Could you reproduce, word for word, everything below from the line containing "holiday inn express" down to the line containing "José Natalio Gascó", with both of those lines included and no others?

▸ **Data section**:
⟨
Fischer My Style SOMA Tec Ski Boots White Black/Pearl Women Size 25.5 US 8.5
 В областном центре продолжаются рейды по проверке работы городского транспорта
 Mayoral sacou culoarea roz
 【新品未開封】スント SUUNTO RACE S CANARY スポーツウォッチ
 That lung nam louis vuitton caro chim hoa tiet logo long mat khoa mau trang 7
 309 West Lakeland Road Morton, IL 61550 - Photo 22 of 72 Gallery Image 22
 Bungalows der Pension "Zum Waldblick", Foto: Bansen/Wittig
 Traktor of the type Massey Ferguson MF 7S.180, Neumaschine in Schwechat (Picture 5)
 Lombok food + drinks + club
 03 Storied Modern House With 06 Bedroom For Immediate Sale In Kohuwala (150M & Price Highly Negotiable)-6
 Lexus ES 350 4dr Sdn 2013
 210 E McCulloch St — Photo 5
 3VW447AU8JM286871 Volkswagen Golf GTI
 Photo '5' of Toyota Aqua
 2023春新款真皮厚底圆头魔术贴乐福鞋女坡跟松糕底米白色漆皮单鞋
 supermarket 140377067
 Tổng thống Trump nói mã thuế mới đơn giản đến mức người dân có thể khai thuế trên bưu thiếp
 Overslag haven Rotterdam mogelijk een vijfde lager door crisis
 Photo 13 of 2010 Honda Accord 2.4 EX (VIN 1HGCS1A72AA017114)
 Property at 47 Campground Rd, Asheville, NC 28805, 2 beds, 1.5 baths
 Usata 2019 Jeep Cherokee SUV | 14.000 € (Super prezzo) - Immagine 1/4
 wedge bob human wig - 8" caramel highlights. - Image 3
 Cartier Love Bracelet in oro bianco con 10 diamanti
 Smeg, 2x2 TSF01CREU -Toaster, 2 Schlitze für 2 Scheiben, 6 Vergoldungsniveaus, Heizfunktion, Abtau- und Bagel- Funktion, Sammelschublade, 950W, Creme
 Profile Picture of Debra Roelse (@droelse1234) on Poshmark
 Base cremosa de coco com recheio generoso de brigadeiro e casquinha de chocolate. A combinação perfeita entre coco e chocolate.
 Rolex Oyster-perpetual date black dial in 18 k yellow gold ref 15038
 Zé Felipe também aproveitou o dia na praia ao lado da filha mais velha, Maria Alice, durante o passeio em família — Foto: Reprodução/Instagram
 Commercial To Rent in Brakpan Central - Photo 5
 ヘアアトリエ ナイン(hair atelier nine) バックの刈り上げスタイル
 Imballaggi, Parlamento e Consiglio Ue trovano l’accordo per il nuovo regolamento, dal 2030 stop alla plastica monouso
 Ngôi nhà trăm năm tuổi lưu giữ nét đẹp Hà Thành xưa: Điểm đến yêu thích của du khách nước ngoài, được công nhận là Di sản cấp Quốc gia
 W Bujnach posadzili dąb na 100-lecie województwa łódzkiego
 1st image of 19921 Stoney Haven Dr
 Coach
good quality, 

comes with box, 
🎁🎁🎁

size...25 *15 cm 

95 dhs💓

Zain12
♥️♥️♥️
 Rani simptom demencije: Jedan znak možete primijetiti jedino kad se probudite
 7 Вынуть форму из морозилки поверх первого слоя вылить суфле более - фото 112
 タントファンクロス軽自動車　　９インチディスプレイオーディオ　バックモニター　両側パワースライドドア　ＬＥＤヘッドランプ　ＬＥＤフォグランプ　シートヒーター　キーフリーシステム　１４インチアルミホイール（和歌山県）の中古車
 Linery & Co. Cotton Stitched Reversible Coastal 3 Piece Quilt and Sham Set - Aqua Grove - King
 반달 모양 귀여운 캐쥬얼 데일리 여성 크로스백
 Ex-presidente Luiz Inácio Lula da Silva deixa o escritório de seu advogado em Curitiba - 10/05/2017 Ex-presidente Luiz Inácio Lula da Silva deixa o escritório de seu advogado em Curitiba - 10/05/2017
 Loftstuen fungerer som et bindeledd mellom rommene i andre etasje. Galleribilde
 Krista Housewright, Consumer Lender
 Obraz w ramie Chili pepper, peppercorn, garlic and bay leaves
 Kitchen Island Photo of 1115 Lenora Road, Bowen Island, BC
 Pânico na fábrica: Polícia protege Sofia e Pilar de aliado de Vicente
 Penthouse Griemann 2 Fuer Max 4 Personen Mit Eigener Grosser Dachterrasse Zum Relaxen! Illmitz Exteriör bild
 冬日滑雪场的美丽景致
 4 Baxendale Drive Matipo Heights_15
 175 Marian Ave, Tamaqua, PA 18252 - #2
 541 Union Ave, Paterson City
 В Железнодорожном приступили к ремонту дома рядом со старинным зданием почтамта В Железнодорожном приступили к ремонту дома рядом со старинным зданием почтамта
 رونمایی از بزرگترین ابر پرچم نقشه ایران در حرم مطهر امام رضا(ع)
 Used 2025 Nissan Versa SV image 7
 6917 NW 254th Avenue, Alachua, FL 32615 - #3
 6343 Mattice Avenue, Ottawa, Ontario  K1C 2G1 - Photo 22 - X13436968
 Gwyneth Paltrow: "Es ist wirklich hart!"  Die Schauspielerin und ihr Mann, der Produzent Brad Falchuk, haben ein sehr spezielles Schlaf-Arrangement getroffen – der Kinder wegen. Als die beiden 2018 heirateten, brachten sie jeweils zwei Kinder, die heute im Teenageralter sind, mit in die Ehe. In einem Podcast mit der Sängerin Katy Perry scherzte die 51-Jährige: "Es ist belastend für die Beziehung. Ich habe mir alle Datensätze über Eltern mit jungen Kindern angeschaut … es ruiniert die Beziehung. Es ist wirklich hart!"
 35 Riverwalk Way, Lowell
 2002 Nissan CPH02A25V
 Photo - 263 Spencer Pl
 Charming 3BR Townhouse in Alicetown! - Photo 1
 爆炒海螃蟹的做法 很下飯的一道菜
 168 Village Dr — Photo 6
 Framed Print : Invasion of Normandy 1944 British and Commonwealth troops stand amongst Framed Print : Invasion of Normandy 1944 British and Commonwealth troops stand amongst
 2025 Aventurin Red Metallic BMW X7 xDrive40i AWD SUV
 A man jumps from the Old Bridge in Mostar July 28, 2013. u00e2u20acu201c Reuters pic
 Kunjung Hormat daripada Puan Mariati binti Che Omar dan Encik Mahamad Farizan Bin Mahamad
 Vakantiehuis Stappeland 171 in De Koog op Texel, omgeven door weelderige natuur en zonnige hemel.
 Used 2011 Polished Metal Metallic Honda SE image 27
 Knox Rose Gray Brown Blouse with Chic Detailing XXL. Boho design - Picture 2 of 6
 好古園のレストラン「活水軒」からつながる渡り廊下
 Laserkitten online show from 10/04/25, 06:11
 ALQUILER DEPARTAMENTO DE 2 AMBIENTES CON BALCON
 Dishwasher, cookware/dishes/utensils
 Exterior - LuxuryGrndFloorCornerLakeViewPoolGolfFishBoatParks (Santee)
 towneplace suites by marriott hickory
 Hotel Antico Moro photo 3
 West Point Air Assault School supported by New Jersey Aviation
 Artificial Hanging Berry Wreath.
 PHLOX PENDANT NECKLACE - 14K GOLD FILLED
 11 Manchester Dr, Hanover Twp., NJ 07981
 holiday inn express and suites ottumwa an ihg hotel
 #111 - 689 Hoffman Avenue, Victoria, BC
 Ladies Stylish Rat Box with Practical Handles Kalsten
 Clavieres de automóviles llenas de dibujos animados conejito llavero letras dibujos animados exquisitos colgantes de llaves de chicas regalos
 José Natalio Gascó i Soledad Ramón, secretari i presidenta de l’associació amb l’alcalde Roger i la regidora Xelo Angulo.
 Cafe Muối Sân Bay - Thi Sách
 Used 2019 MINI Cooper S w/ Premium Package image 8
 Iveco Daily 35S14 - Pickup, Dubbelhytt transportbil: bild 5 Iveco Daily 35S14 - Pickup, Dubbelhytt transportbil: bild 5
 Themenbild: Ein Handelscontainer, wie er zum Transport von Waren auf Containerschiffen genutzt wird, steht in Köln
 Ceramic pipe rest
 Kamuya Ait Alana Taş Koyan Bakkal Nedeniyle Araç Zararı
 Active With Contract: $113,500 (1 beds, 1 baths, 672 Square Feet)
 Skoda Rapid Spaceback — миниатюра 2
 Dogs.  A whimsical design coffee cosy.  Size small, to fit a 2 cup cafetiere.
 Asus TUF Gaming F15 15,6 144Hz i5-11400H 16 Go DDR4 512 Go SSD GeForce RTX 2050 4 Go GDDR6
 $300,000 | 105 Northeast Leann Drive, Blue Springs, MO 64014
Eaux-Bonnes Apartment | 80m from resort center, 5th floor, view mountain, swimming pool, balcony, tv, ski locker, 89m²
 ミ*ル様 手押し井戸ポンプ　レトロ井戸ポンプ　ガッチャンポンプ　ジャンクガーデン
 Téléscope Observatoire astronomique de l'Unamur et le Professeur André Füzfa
⟩
▸ **Written solution**:
 holiday inn express and suites ottumwa an ihg hotel
 #111 - 689 Hoffman Avenue, Victoria, BC
 Ladies Stylish Rat Box with Practical Handles Kalsten
 Clavieres de automóviles llenas de dibujos animados conejito llavero letras dibujos animados exquisitos colgantes de llaves de chicas regalos
 José Natalio Gascó i Soledad Ramón, secretari i presidenta de l’associació amb l’alcalde Roger i la regidora Xelo Angulo.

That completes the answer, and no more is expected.